H.938 also addresses the state's current use of hotels and motels for emergency placements and proposes seasonal caps: 700 rooms per night between April 1 and Nov. 30, and 1,000 rooms per night between Dec. 1 and March 31, excluding placements under the domestic violence program. Advocates pushed back on fixed caps. Chad Zimmerman of the Housing and Homelessness Alliance of Vermont urged a data-driven approach: "I think removing the cap is a good idea," and recommended tying limits to available shelter capacity and utilization data. Committee members said the cap language came from the House and would remain for now but agreed to add utilization reporting and annual rate recommendations to departmental reports so lawmakers can revisit the limits with current data.

Committee members repeatedly raised the question of funding and appropriation: who pays for the continuum elements and whether the committee can shift funding between programs. Counsel noted the committee cannot change the overall bottom line and asked members to identify priorities and the most cost-effective uses of available funds; members asked staff to include utilization metrics and proposed reporting language in the department's annual updates.

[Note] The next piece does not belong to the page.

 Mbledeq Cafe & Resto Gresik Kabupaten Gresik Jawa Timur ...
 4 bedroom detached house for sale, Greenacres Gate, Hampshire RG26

The committee paused markup after a building evacuation; members indicated work on H.938 will continue in subsequent sessions. No formal motions or votes were recorded during the session reviewed.

Ending: The committee left multiple drafting items unresolved (disability language, wording on placement/participant autonomy, seasonal caps and reporting metrics) and asked staff to return with clarified statutory text, suggested alternative language and cost/utilization data at the next markup session.